There are great benefits to a church being led by elders (a plurality of pastors). Some of those benefits to the church as a whole would include a shared oversight through multiple men rather than just one man. Such shared authority protects the church from the cult of personality and bad decisions that could harm the church for years to follow. This shared oversight provides support for the lead pastor who serves as one of the pastors in the group. This shared authority includes shared responsibility and accountability. However, the main reason for organizing the leadership of the local church with a plurality of elders is not based on the benefits since this is not a pragmatic decision. The reason a plurality of elders is necessary is because of the fact that it’s clearly modeled in Scripture as the God-ordained pattern of leadership for a local church.

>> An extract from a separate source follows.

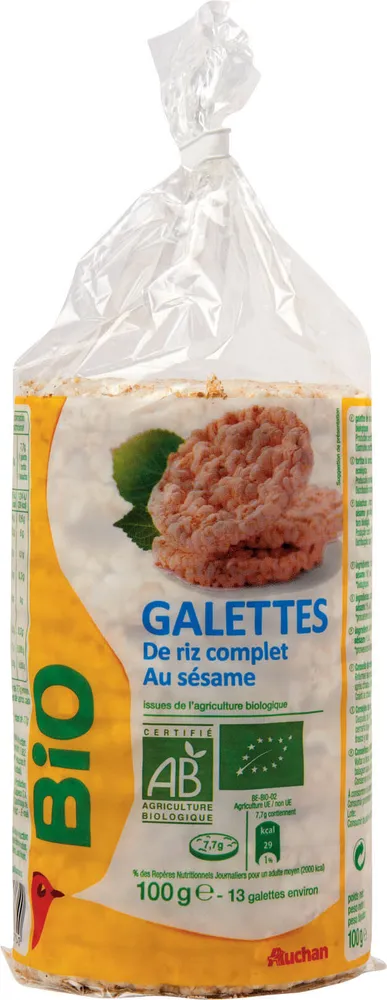 Galettes de riz complet au sésame issues de l'agriculture biologique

Alistair Begg writes, “Leadership in the church should always be shared—that is one reason that the apostolic pattern was to appoint a plurality of elders rather than a solitary elder in all the churches (Acts 14:23).”  God has a purpose in all that he does, and we must honor his plan for church government. We see a plurality of elders in individual local churches throughout the New Testament:
According to 1 Peter 5:1-4, the pastor’s responsibility is to provide food, protection, discipline and love. That task is utterly impossible to accomplish alone regardless of the size of the local church. Pastors need assistance from other pastors within the context of the local church family. For a pastor to think that he has all of the gifts necessary to oversee, equip, discipline and lead the church is beyond arrogance. Needless to say, such a man has an elevated opinion of himself. Far too many local churches are self-governed or led by a group of deacons while the pastor simply preaches on Sunday. That’s not the biblical model.
When a church is led by a plurality of elders it not only provides joy for the pastors—but it should provide joy for the church as a whole as they become encouraged by the intentional oversight and care for the body of Christ. In short, true shepherds of God’s flock understand that the church belongs to God and they are merely appointed leaders to do the work of God. Therefore, the church should be established and organized to follow the biblical pattern.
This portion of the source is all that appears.